Extracted data:
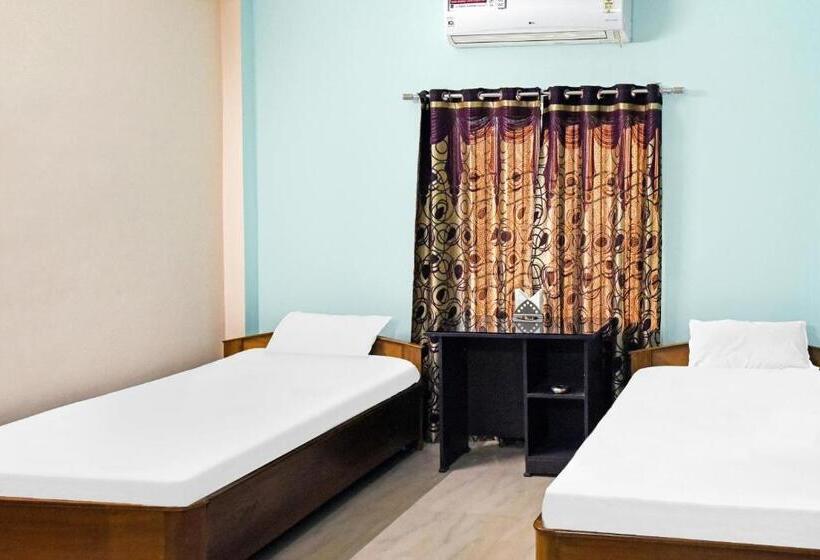 هتل Oyo 85211  Rainbow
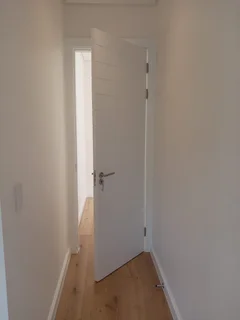 Am looking for a job as a carpenter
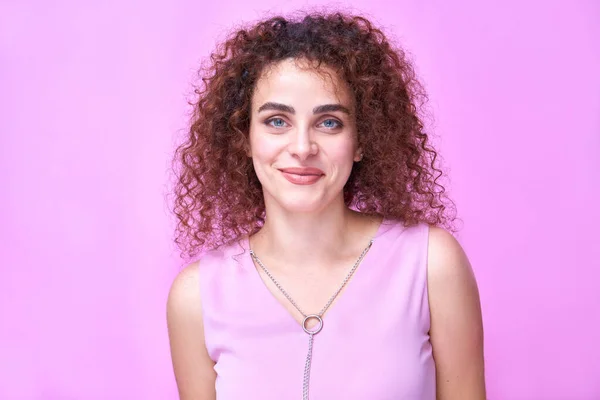Ermeni Güzel Kıvırcık Saçlı Kadın Portresi Ifade Eden Yüzünde Pozitif — Stok fotoğraf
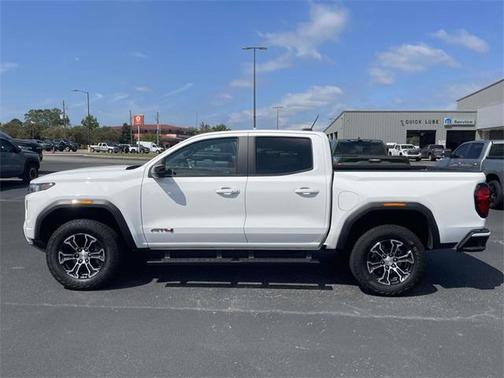 2023 GMC Canyon AT4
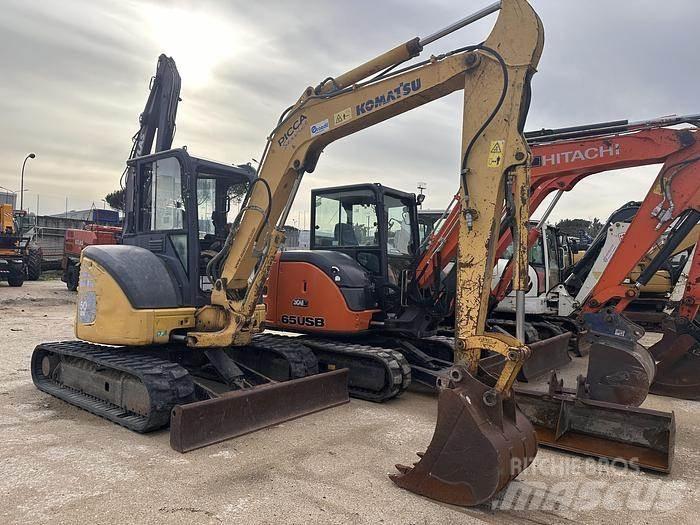 Komatsu PC30 Εκσκαφάκι (διαβολάκι) < 7t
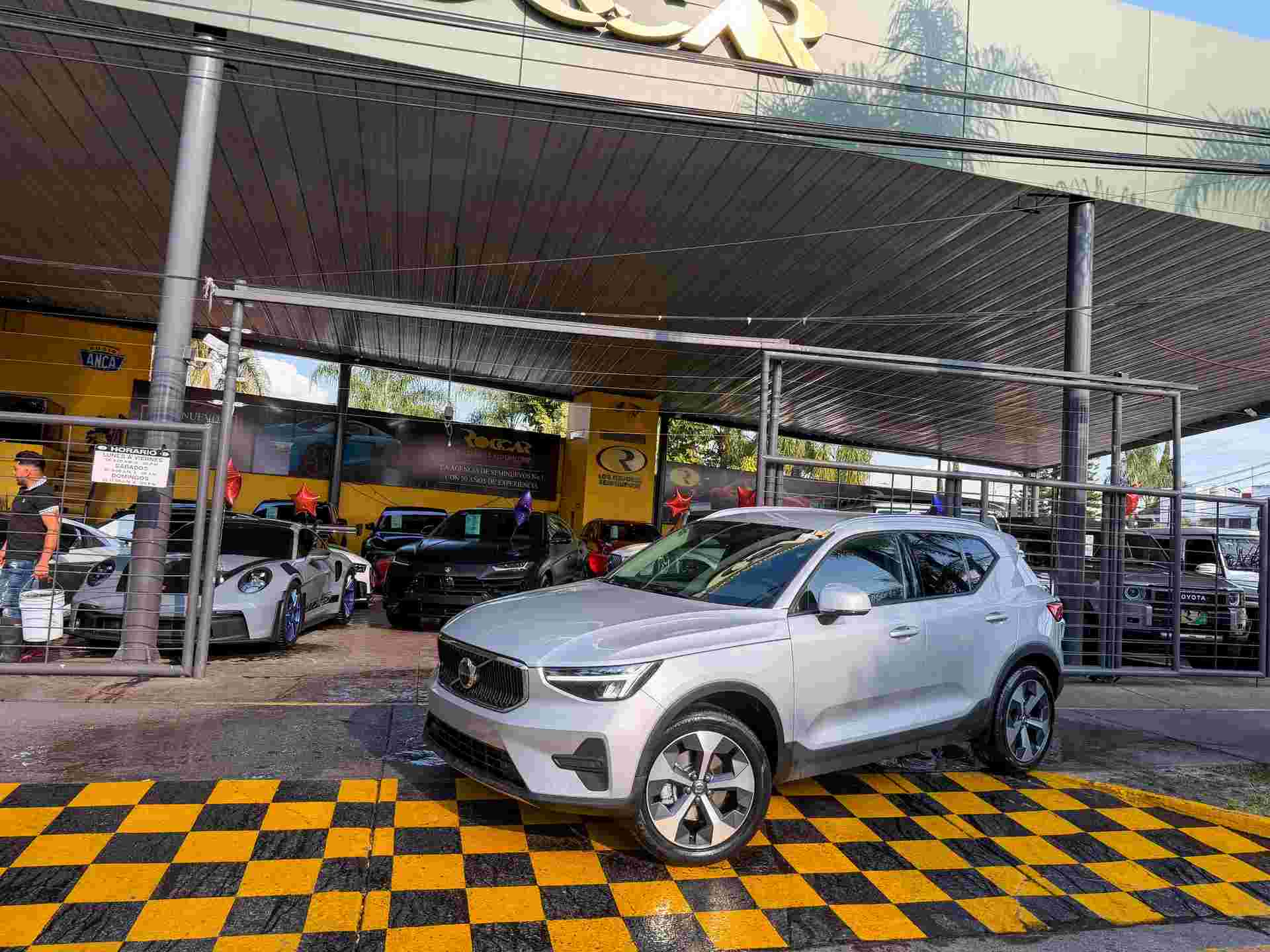 2023 Volvo Xc40
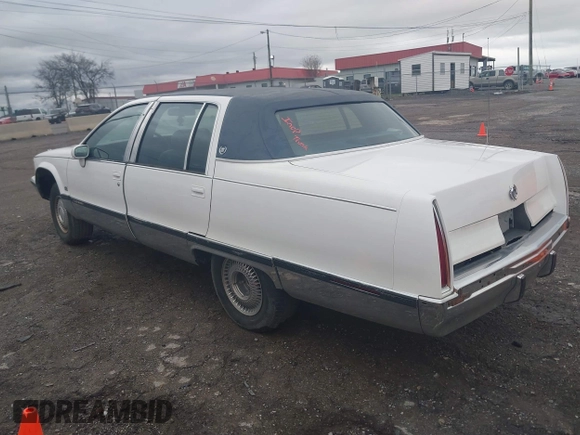 1993 Cadillac Fleetwood z VIN 1G6DW527XPR723385, wystawiony jako IAAI lot #41925057 z przebiegiem 193 595 mil mil oraz . Historia ofert i sprzedaży dostępna na DreamBid. Obrazek 3.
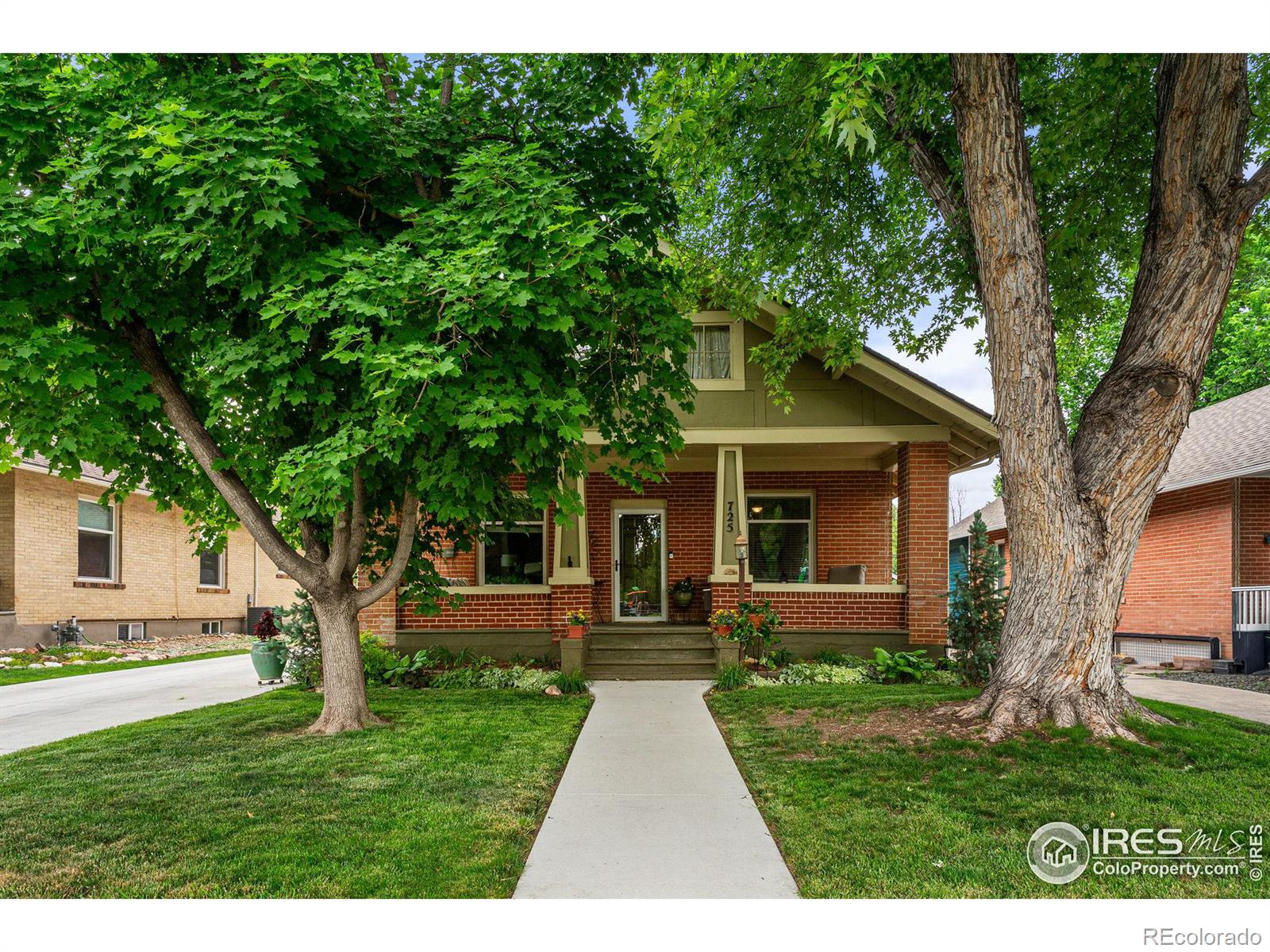 725 E 4th Street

What you will do:
Images are to be skipped, and each line above is to be returned exactly.

Answer to this task:
 هتل Oyo 85211  Rainbow
 Am looking for a job as a carpenter
Ermeni Güzel Kıvırcık Saçlı Kadın Portresi Ifade Eden Yüzünde Pozitif — Stok fotoğraf
 2023 GMC Canyon AT4
 Komatsu PC30 Εκσκαφάκι (διαβολάκι) < 7t
 2023 Volvo Xc40
 1993 Cadillac Fleetwood z VIN 1G6DW527XPR723385, wystawiony jako IAAI lot #41925057 z przebiegiem 193 595 mil mil oraz . Historia ofert i sprzedaży dostępna na DreamBid. Obrazek 3.
 725 E 4th Street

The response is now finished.